In an early morning note, Evercore ISI raised its rating on Shopify stock to outperform and set a $1,770 price target on the stock — a full $200 higher than the price Goldman Sachs had assigned Shopify stock just three days ago. In Goldman’s note, the banker had praised Shopify as a stock “well positioned for the long term” but likely to suffer from weak sales and higher costs in the short term as Shopify upgrades its platform to improve customer experience.
Image source: Getty Images.
Evercore, in contrast, agrees with Goldman on the stock’s positives, calling Shopify “one of the highest quality assets” it covers and predicting long-term growth from a “powerful multi-year tailwind” (says TheFly.com). But Evercore sees little of the risk that Goldman fears in the near term, arguing instead that Shopify’s valuation has been “dislocated” from intrinsic value — implying the stock is a buy no matter what happens with sales or costs this coming year.
Problem is, Evercore’s pooh-poohing of the risks facing Shopify seems to be flying in the face of investor concerns over the economy today. On the one hand, the omicron variant of the coronavirus is rampant, with multiple colleges announcing yesterday that they’re moving finals online and hoping to send students home early. On the other hand, the Fed just announced plans to raise interest rates three times in 2022 (as opposed to previous predictions of zero times) — and raise rates three more times in 2023.   
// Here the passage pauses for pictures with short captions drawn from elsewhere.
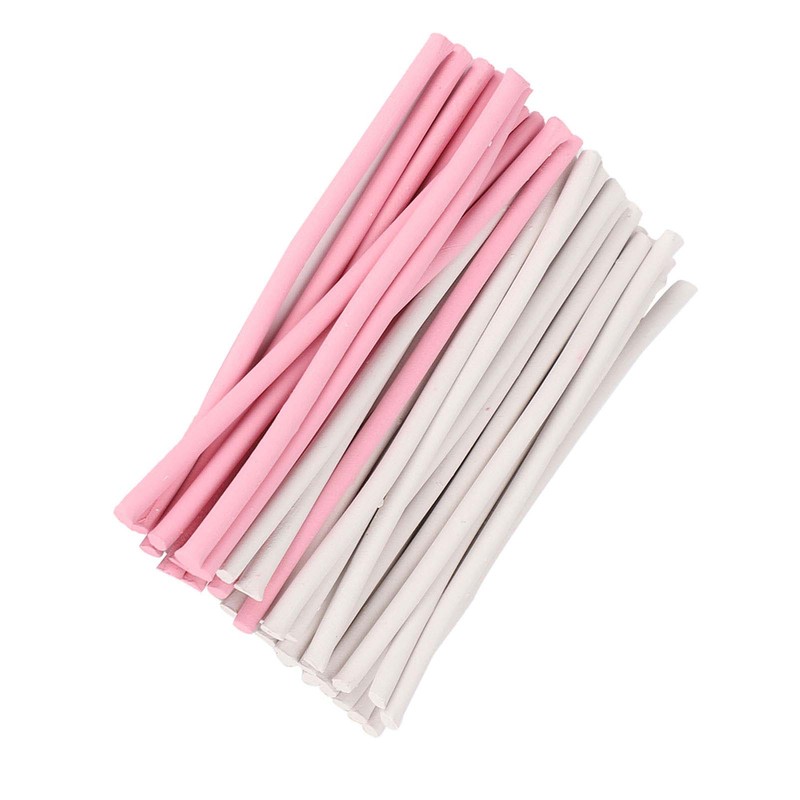 Dental Tooth Filling Material Temporary Stopping for Dental Root Canal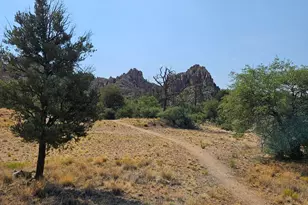 885 N Mesquite Tree Dr, Prescott Valley, AZ 86327 - Photo 21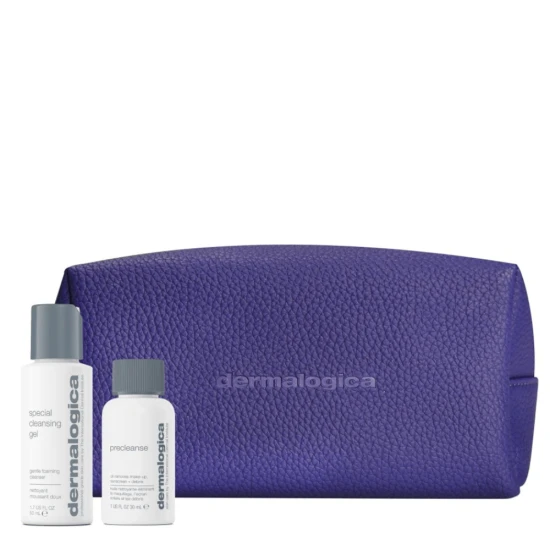 Dermalogica Pro Skin: Expert Results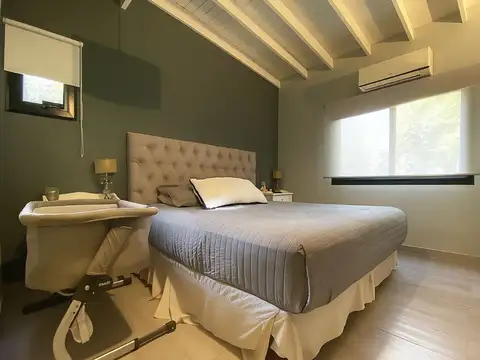 Casa en Venta en El Resuello, USD 179.999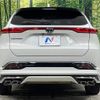 toyota harrier 2021 CFJ1803565 image 15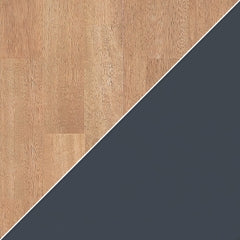 Gesthaven Dining Table and 2 Chairs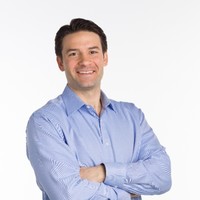 David Silverman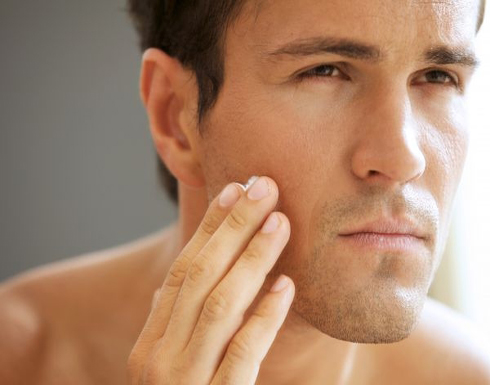جلد الرجل يتحول إلى مصدر دواء لعلاج العقم جلد الرجل يتحول إلى مصدر دواء لعلاج العقم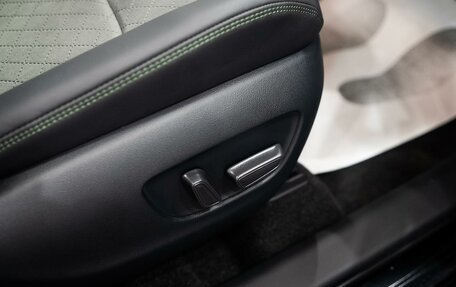 Toyota RAV4, 2021 год, 3 653 000 рублей, 23 фотография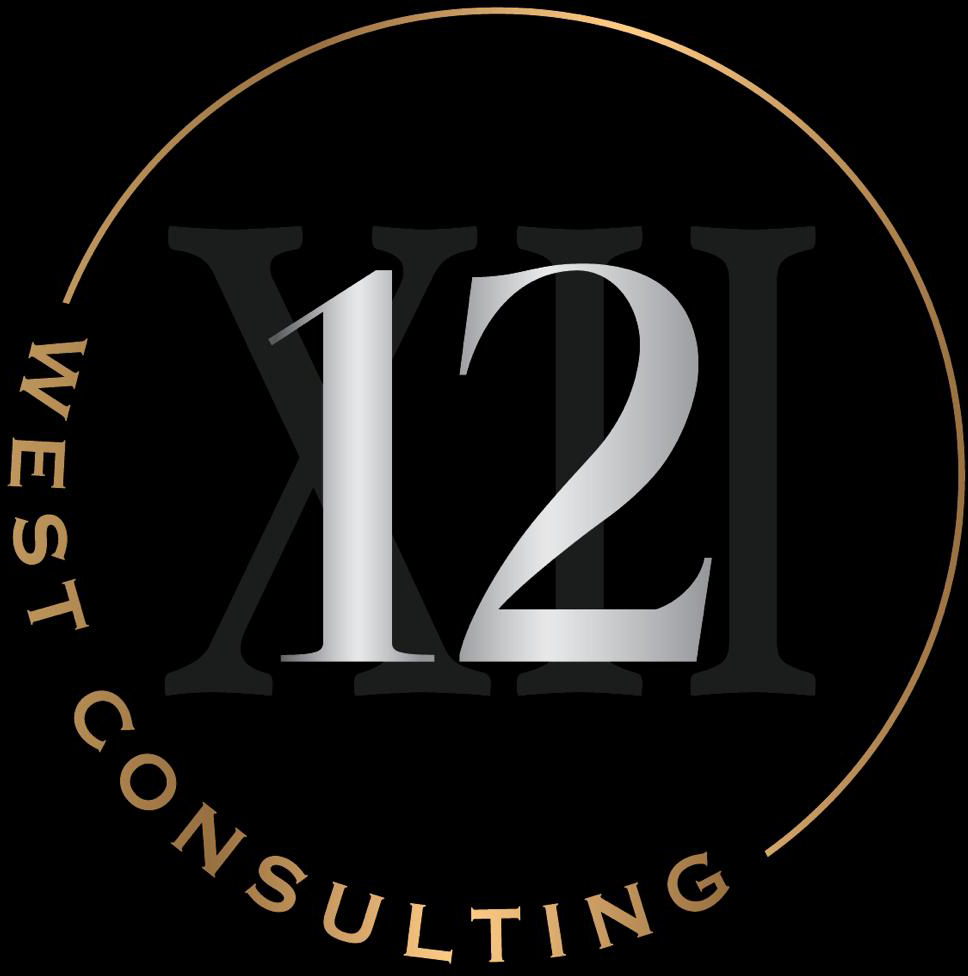consulting-logo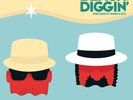 Pura Vida Presents: Beach Diggin' Volume 4/2lps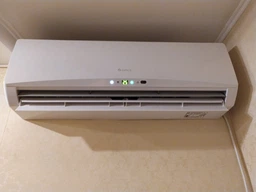 Кондиционер GREE GWH09TB-S3DNA1D (HANSOL)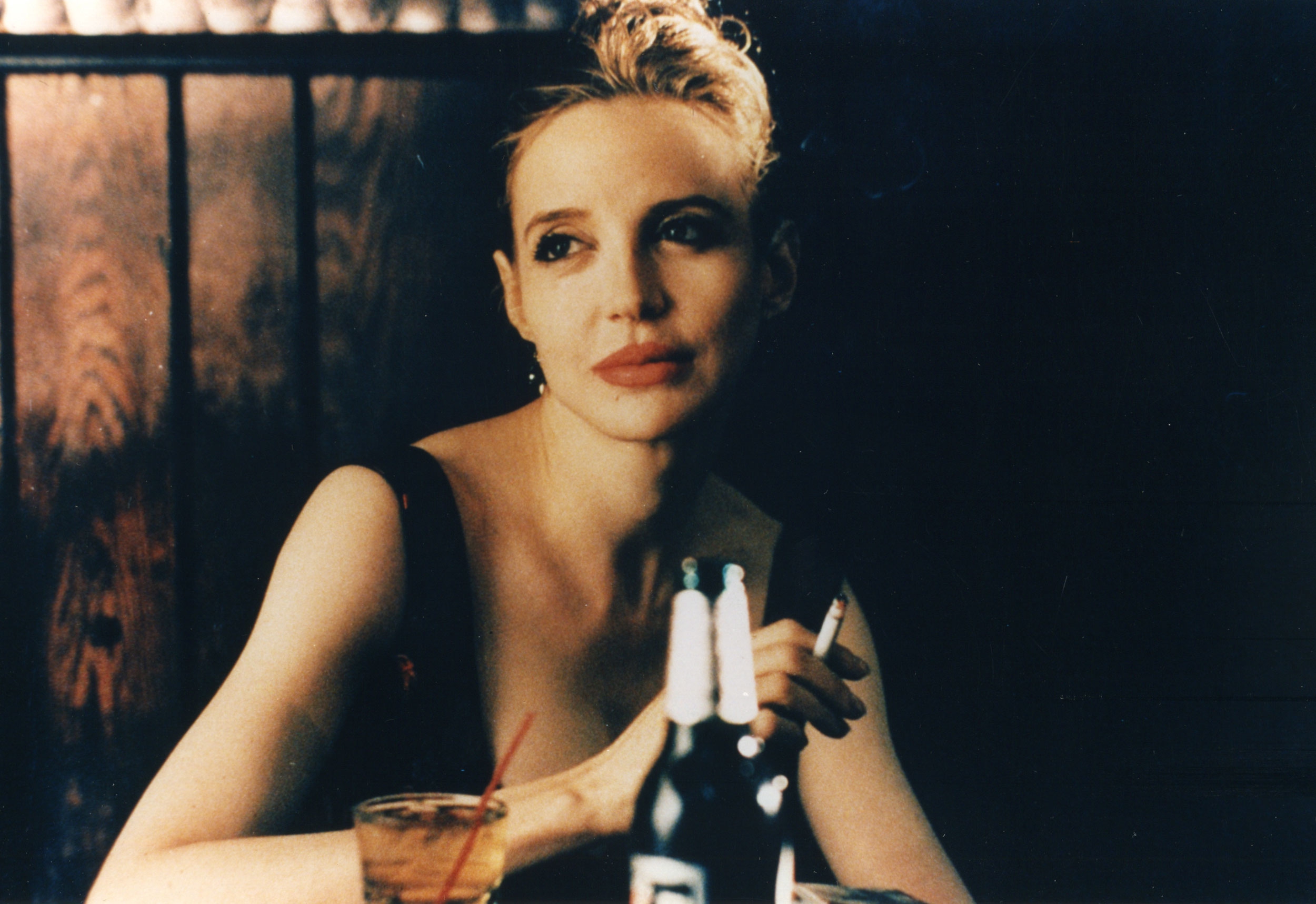 Fast-Food-Fast-Women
Such economic tightening — which tends to reduce the flow of money into the economy — is being imitated around the globe, too, with the Bank of England, for example, announcing an immediate hike in interest rates to 0.25%, and the European Central Bank saying it will reduce asset purchases (the result of which would also be less money flowing into the economy).  
While such moves may be necessary to stem the rise in inflation rates, they’re also likely to slow economic growth — and shopping — which is, after all, built into Shopify’s name. On balance, therefore, I have to think Goldman Sachs has the better of this argument, and Evercore ISI is upgrading shares of Shopify at exactly the wrong time.